▸ **Provided entries**
══════

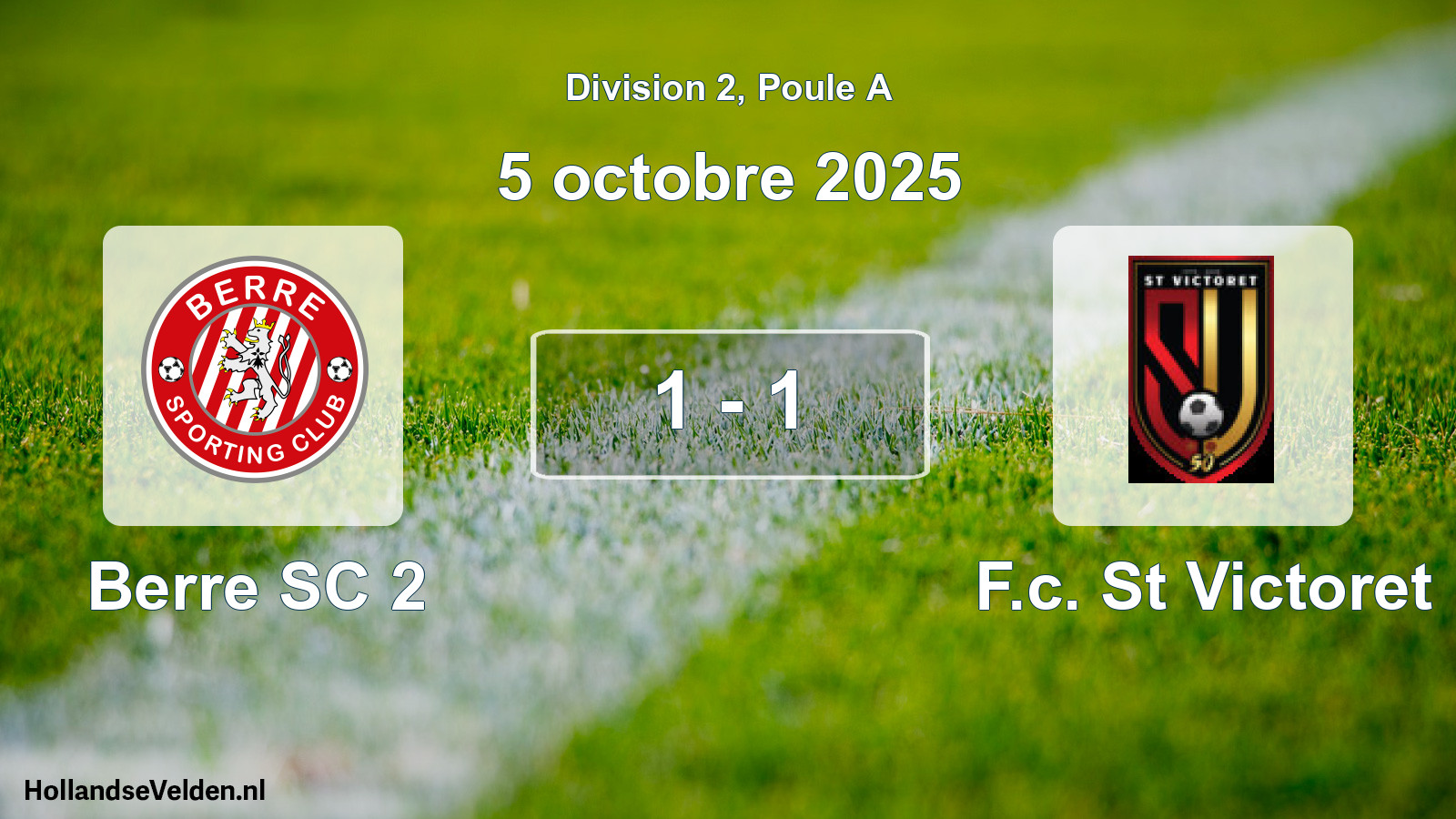 Match joué: Berre SC 2 - F.c. St Victoret 1 - 1 (5 octobre 2025)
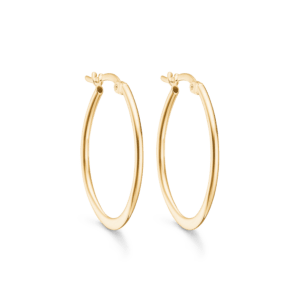 Hoops Gold, oval mit Kipparm. 1,5 x 18 x 28 mm.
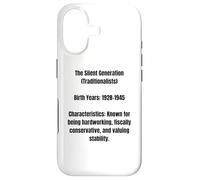 Carcasa para iPhone 17 La generación silenciosa-tradicionalistas Años de Nacimiento: 1928-1945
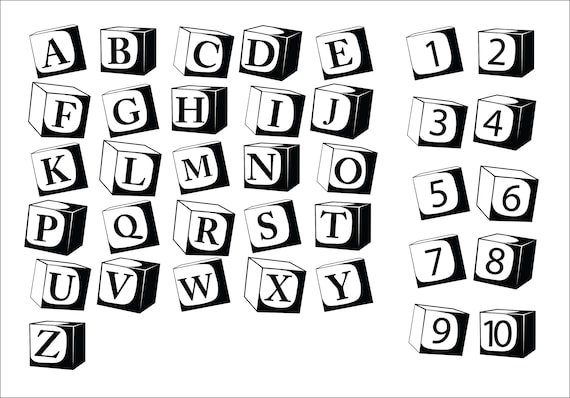 letter block clipart black and white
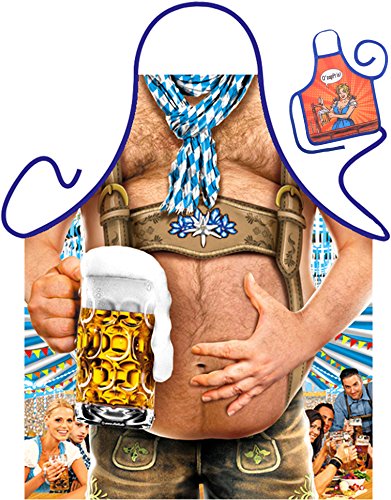 Geile-Fun-T-Shirts Grillschürze Bayer Bierbauch Küchenschürze Herren Koch Schürze geil bedruckt Geschenk Set mit Mini Flaschenschürze von Geile-Fun-T-Shirts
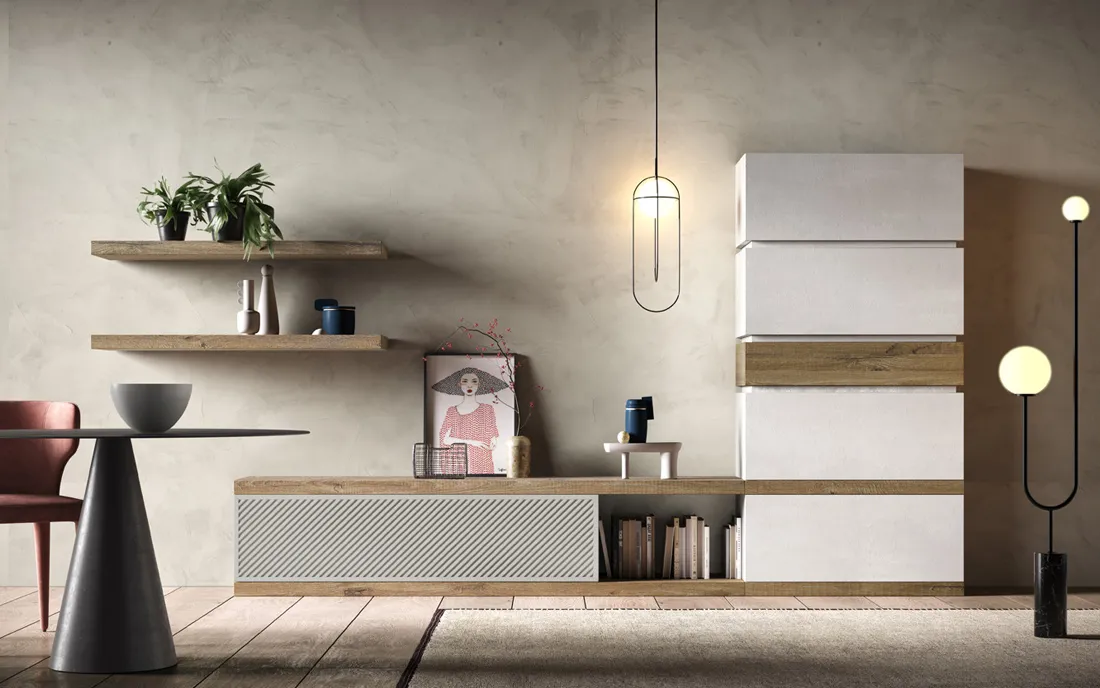 Parete living Pure 2B Italia con colonna bianca e mensole in essenza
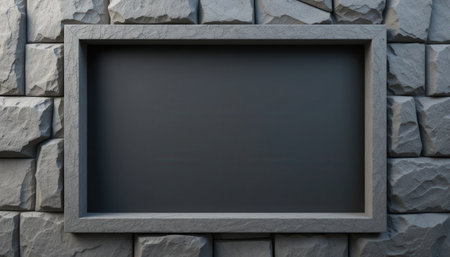 A dark gray rectangular signboard is set within a stone wall frame providing a blank space for text or images.の素材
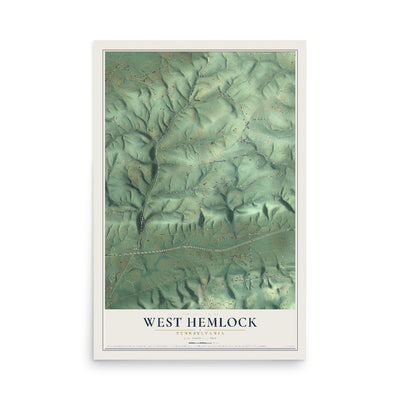 Map of West Hemlock, Pennsylvania, 12 x 18 inch unframed archival matte print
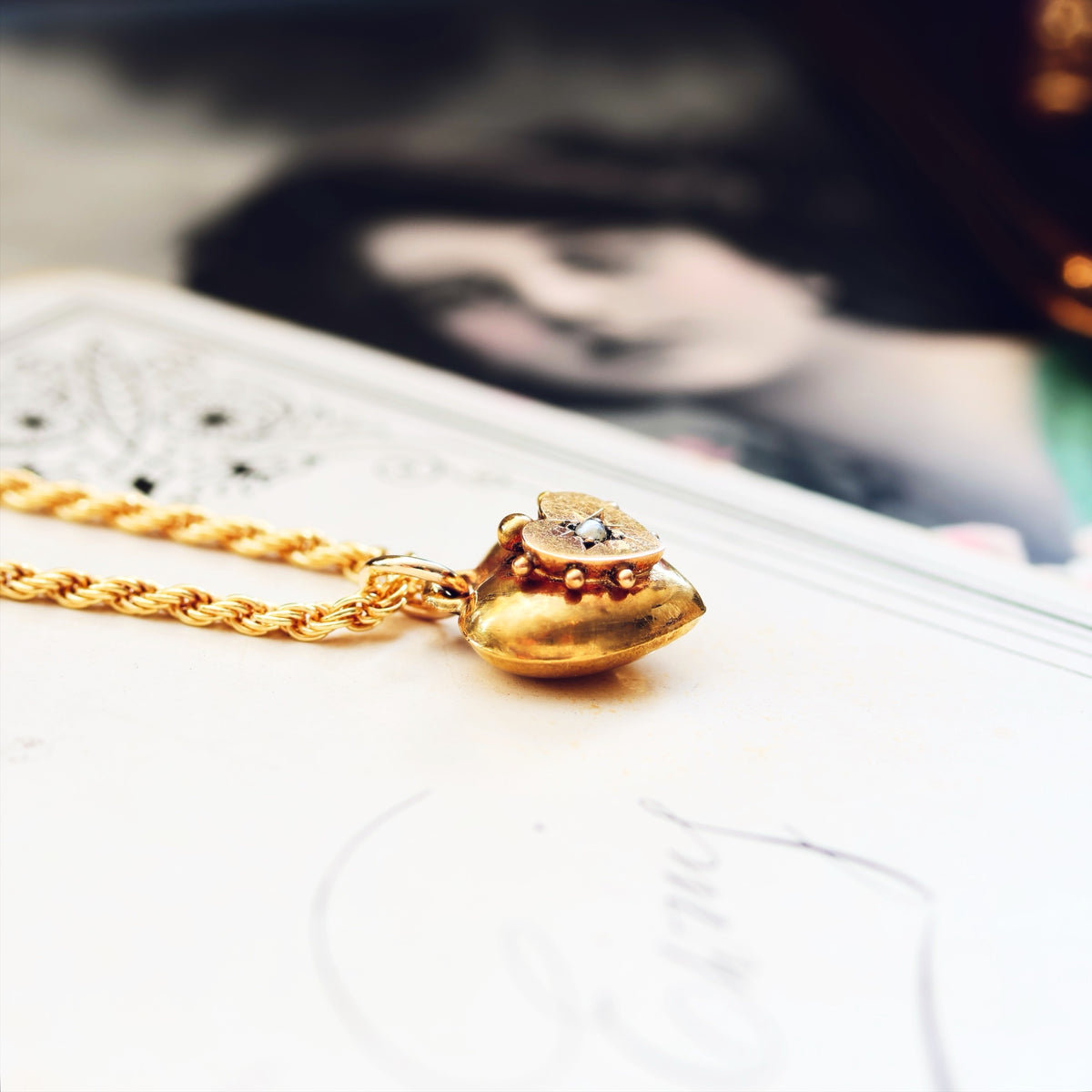 Keepsake Antique Victorian Gold & Pearl Heart Pendant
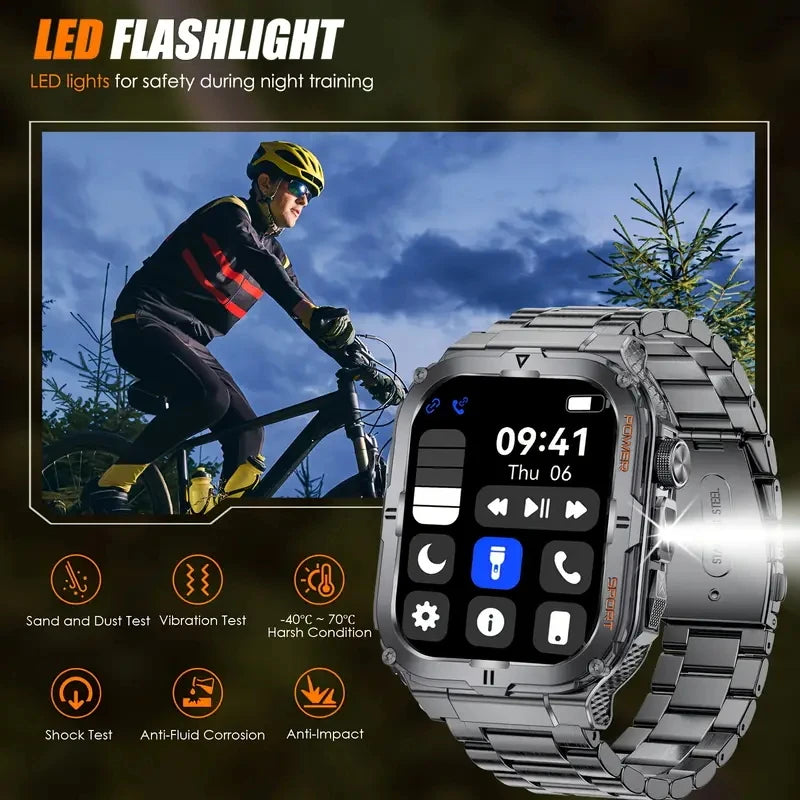 Military Grade Outdoor Smart Watch Men Wome's Health 1.96"HD Screen 430mAh Battery LED Flashlight Waterproof Sports Smartwatches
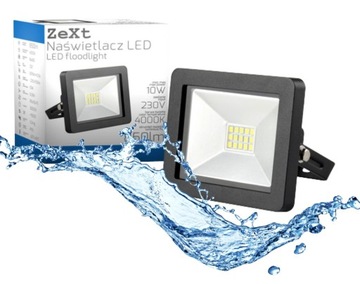 Naświetlacz LED 10W REFLEKTOR IP65 HALOGEN UCHWYT PREMIUM NEUTRALNY 850LM
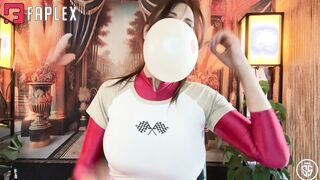 Sandi Squirts - Girl blows big sticky bubble gum bubbles for mouth and tongue fetish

══════

▸ **Work request**
A word-for-word copy of the records above is needed, pictures excluded.

▸ **Answer for the task**
 Match joué: Berre SC 2 - F.c. St Victoret 1 - 1 (5 octobre 2025)
 Hoops Gold, oval mit Kipparm. 1,5 x 18 x 28 mm.
 Carcasa para iPhone 17 La generación silenciosa-tradicionalistas Años de Nacimiento: 1928-1945
 letter block clipart black and white
 Geile-Fun-T-Shirts Grillschürze Bayer Bierbauch Küchenschürze Herren Koch Schürze geil bedruckt Geschenk Set mit Mini Flaschenschürze von Geile-Fun-T-Shirts
 Parete living Pure 2B Italia con colonna bianca e mensole in essenza
 A dark gray rectangular signboard is set within a stone wall frame providing a blank space for text or images.の素材
 Map of West Hemlock, Pennsylvania, 12 x 18 inch unframed archival matte print
 Keepsake Antique Victorian Gold & Pearl Heart Pendant
 Military Grade Outdoor Smart Watch Men Wome's Health 1.96"HD Screen 430mAh Battery LED Flashlight Waterproof Sports Smartwatches
 Naświetlacz LED 10W REFLEKTOR IP65 HALOGEN UCHWYT PREMIUM NEUTRALNY 850LM
 Sandi Squirts - Girl blows big sticky bubble gum bubbles for mouth and tongue fetish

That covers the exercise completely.